"Si vous étiez le Directeur de ce Laboratoire"

Krishnamurti : Grâce à dieu je ne le suis pas, mais si je l'étais, pourrais-je poser cette question ? Cette question est-elle la question correcte ?

Q : Monsieur, c'est une question qui essaye de trouver une connexion entre vos théories - vos croyances sur l'humanité - et ce que nous essayons tous de faire et les problèmes pratiques que nous avons au quotidien.

Krishnamurti : Oui Monsieur. Les problèmes de chaque jour - gagner un moyen d'existence, le sexe, avoir des enfants ou ne pas en avoir, la vocation, qui maintenant devient de l'imitation, les problèmes quotidiens des querelles, les désagréments, la peine, les blessures, la souffrance ... vous voyez, notre existence quotidienne et nos cerveaux sont entraînés depuis l'enfance à résoudre des problèmes et l'orateur dit que chercher une solution empêche la compréhension d'un problème. Nos cerveaux sont entraînés à résoudre. J'ai un problème avec ma femme. Quelle est la solution ? Le divorce ou aller chez un avocat ou l'ajustement ou l'évasion, toutes ces sortes de choses. Mais le problème, qu'est-il au juste ? Mes affirmations, mes souhaits, mon accomplissement - et les siens. Comprenons cela, discutons-en, finissons-en. Si je cherche une solution, je ne pénètre jamais la question. La cause du problème peut être éliminée, non à travers une solution mais à travers la compréhension du problème lui-même.

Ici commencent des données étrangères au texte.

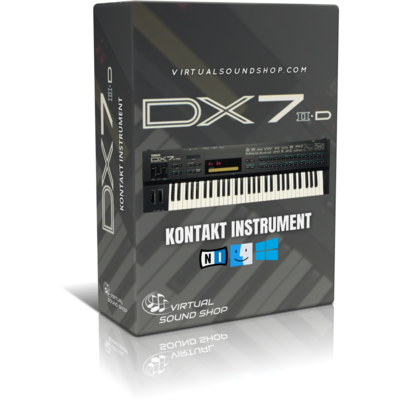 Dx7ii kontakt library virtual instrument nki vst software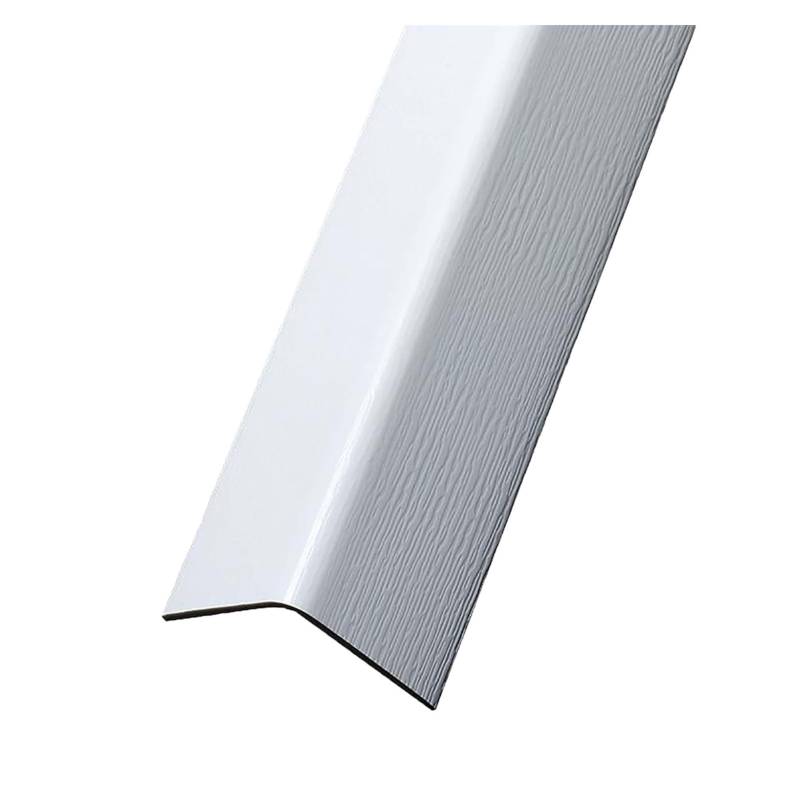 Eckenschutzwand Eckenschutzwand PVC-Eckschutz, Kantenschutz, Eckkanten-Zierstreifen, selbstklebender Schutzwinkel for Schränke mit Keramikfliesen und Tapeten(White Coarse Lines,110x3.6cm) von QCKNKMGG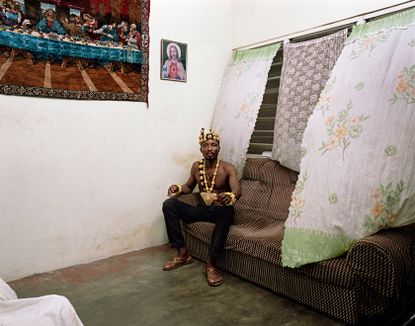 Deana Lawson's photograph, Chief, which is part of the American artist's 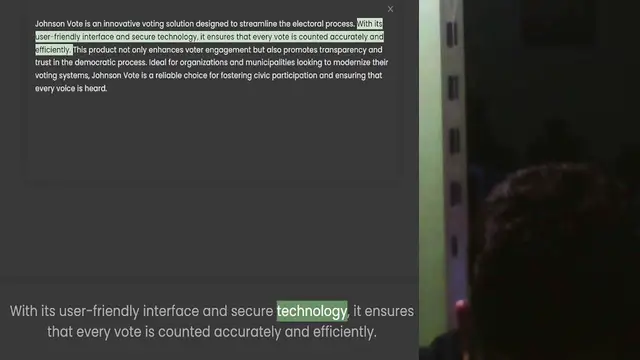 Video thumbnail for user-friendly interface and secure technology, it ensures that every vote is counted accurately and efficiently. This product not only enhances voter engagement but also promotes transparency and trust in the democratic process. Ideal for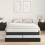 Berkfield Storage Bed Frame with Drawer Black Oak 150 cm Engineered Wood 1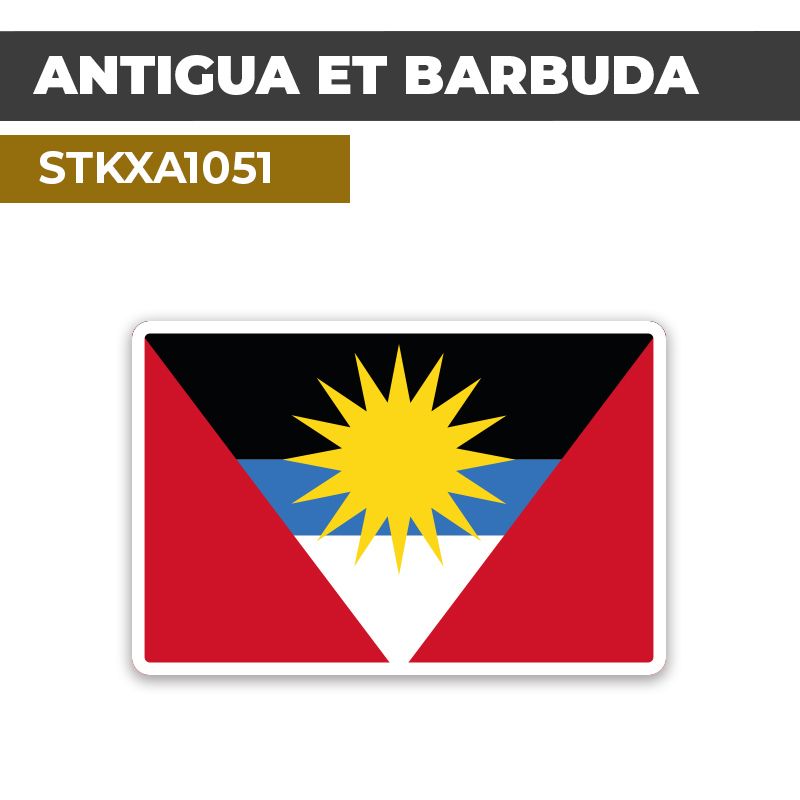 Sticker ANTIGUA ET BARBUDA | Drapeaux Pays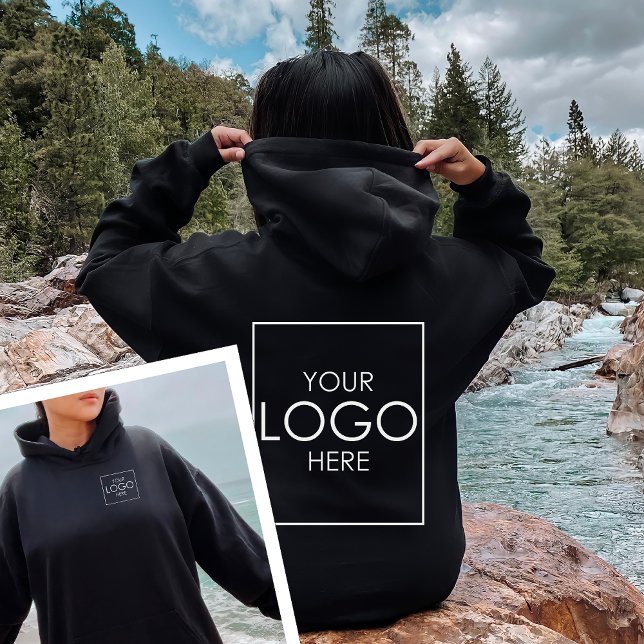 Company Logo Front And Back Design Custom Business Hoodie (Creator Uploaded)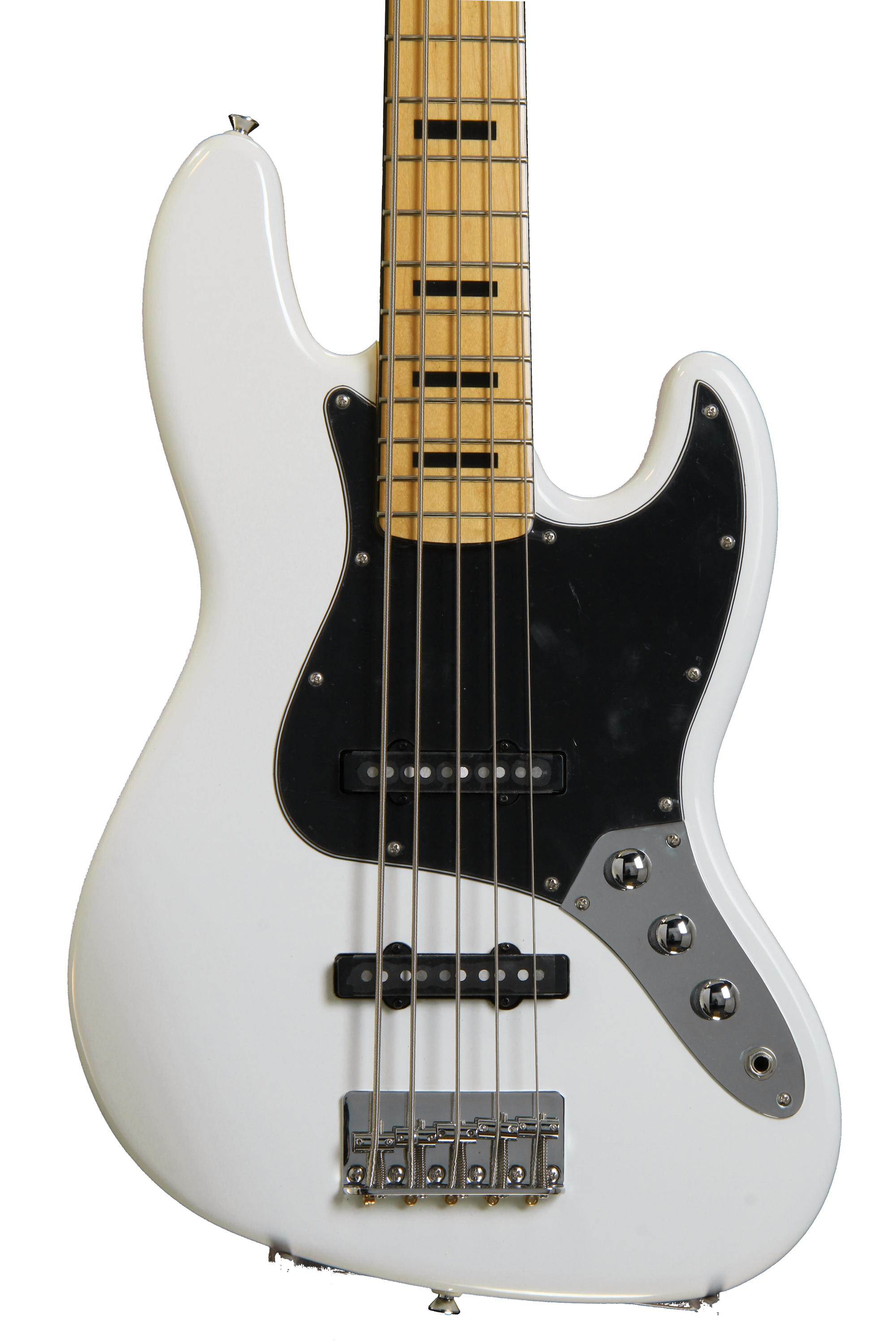 Squier Vintage Modified Jazz Bass V - Olympic White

Désolé. La question était : "Si je suis Directeur ...". Monsieur, la réponse est que c'est une fausse question parce que ceci aurait dû être rectifié au commencement de l'histoire humaine, pas maintenant. Au début du meurtre de l'homme, un être humain tuant un autre être humain au nom de la religion, au nom du pays, au nom de Dieu, au nom de la couronne et de la loi, mon pays en tant qu'opposé à votre pays, mon idéologie comme opposée à votre idéologie. Je suis marxiste (je ne le suis pas), ou léniniste et une autre chrétien, catholique et ainsi nous sommes en guerre les uns avec les autres. C'est là qu'est le bon moment juste pour poser cette question, et non dire : "à la fin de tout ceci, que vais-je faire ?"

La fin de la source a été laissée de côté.